Firstly, as we are dealing with dermatology diseases which both have red hue, overexposing the images could help the classification task. With this technique the skin becomes almost white, while the disease region increase in color. To achieve this library was used providing us with adaptive histogram equalization which enhanced the details and increased image exposure. The result is shown in figure.

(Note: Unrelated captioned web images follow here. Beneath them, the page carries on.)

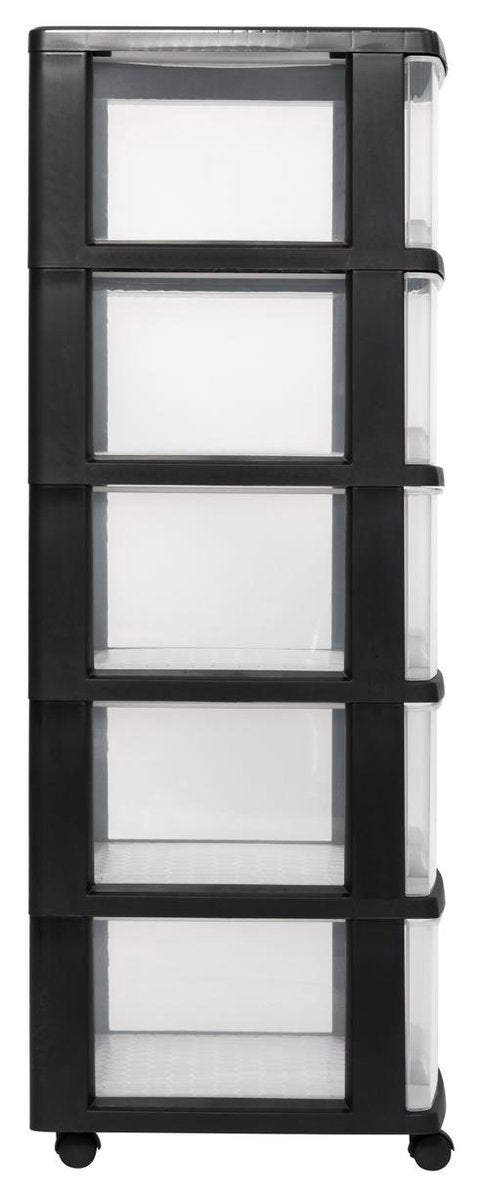 Curver Essentials Schubladensystem – 5x20 Liter – schwarz transparent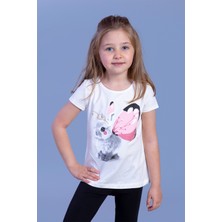 Toontoy Kız Çocuk Tavşan Baskılı Pul Işlemeli Tişört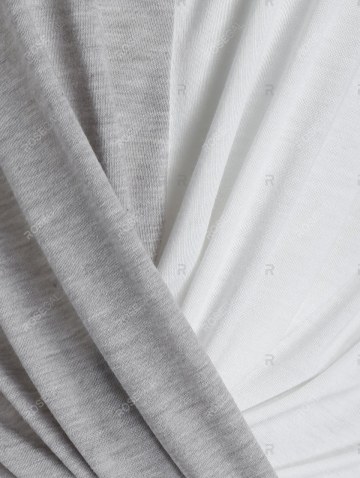 Twist Front Long Sleeve Contrast T-shirt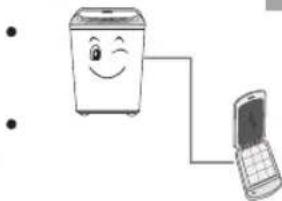 Simple line drawing showing a smiling computer connected to a mobile phone, with no text or symbols present.
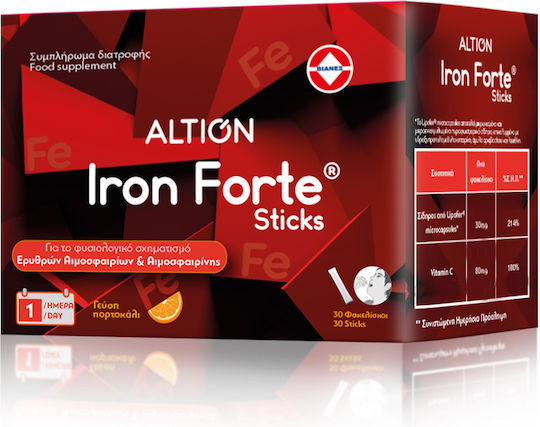 Altion Iron Forte Sticks με Βιταμίνη C 30 φακελίσκοι Πορτοκάλι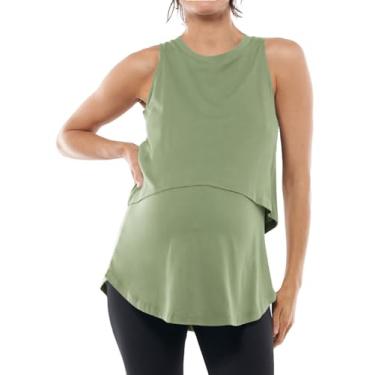 Imagem de Tankaneo Camiseta regata feminina de verão para amamentação, sem mangas, camada dupla, roupas para gravidez, Verde militar, G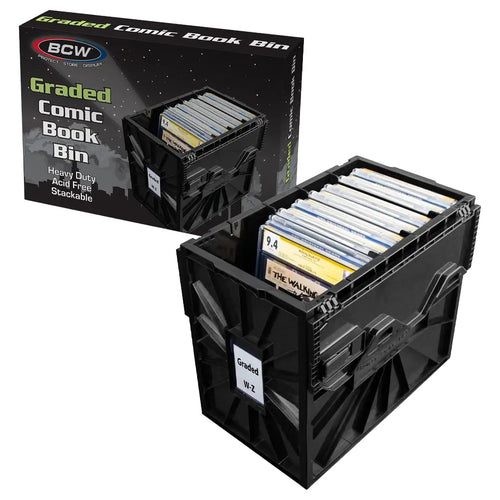 BCW Graded Comic Book Bin Black | Comic book storage supplies Australia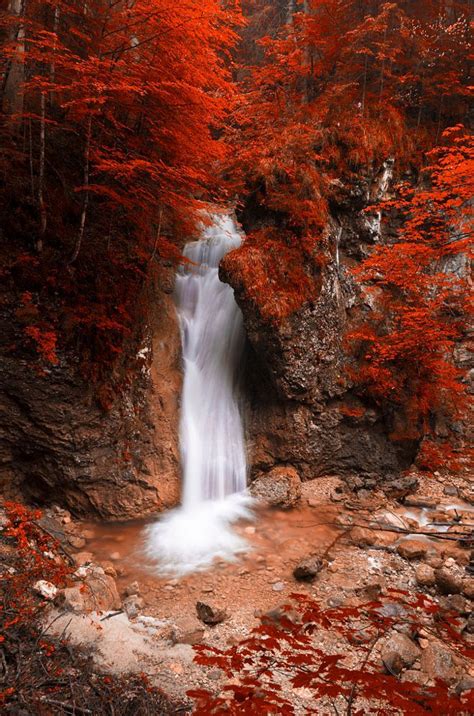 Red Waterfall By Gerd Pfluegler On 500px Waterfall Nature Photos
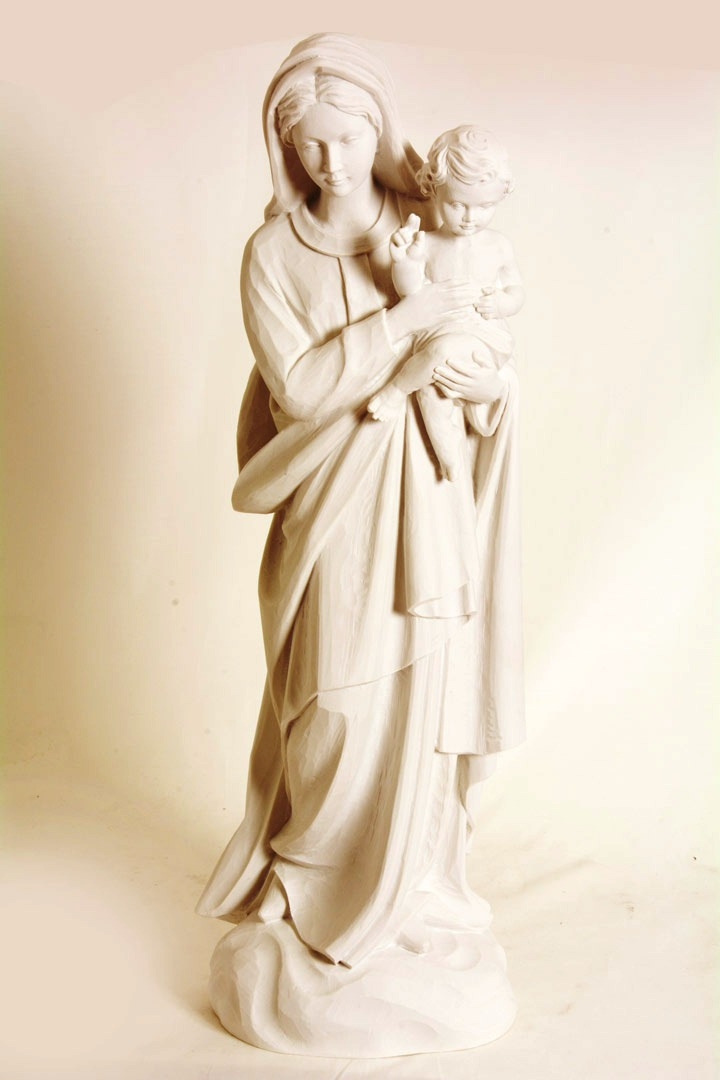 Statua Madonna con Bambino in Polvere di Marmo cm 60 DEC405-60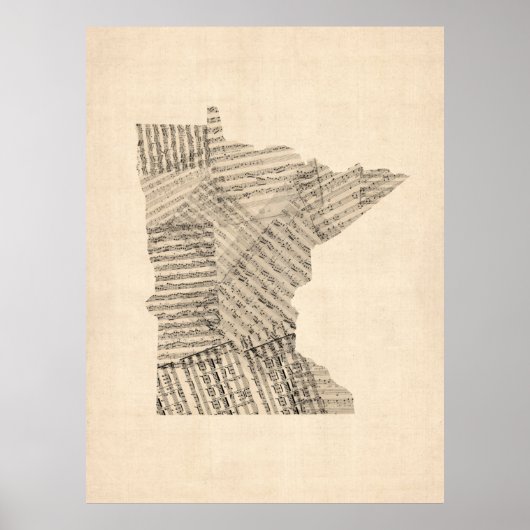 Old Sheet Music Map van Minnesota Poster (Voorkant)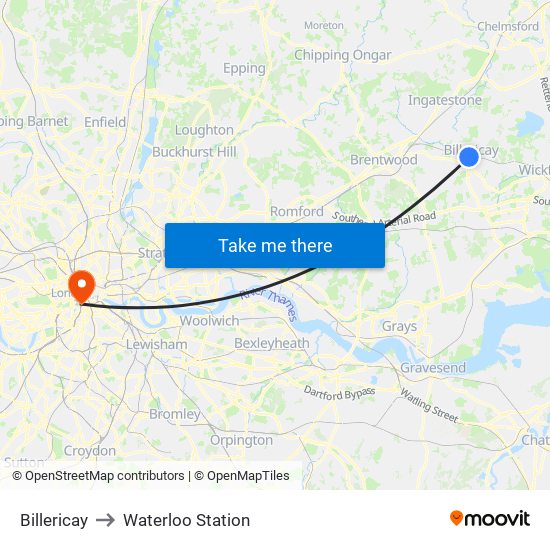 Billericay to Waterloo Station map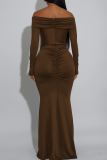 Sexy Solid Color Metal Accessories Trim Off Shoulder Long Dresses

Example of overexposed image
Example of overexposed image

Secondly, we also experimented using some transformations that could increase the classifier robustness. The augmentation was done randomly for each transformation in a given range at each epoch. An example of a transformed image is shown in the picture. The following transformations were used:

  • rotation: random rotations of up to 40 degrees
  • width and height translation : random horizontal and vertical translations of up to 20% of the total width.
  • Shear transformation: up to 0.2 shear angle in counter-clockwise direction as radians
  • zoom: randomly zooming on up to 20%
Example of transformed picture
Example of transformed picture

So how about the results?

In this project we have created a model that distinguishes 80% of the times correctly between Eczema vs. Cutaneus T-celle Lymfoma/Mycosis Fungoides diseases. Moreover, the model classifies correctly cases of Cutaneus T-celle Lymfoma/Mycosis Fungoides more often than Eczema. Given the accuracy achieved that is still a modest result, it is a significant improvement over the base model of 68%. Overfitting was the biggest challenged faced across experiments. We attribute overfitting to two main causes: non-relevant pixels on the original image and dataset size. Furthermore, transfer learning coupled with data augmentation proved to be the best techniques to face this issue. Another challenge was to locate the disease affect area in the image in order to avoid noise pixels. Unfortunately, doing so using a spatial transformer did not work. We believe that this can be due to a very complex dataset with heterogeneous noise and/or the localisation network being too simple.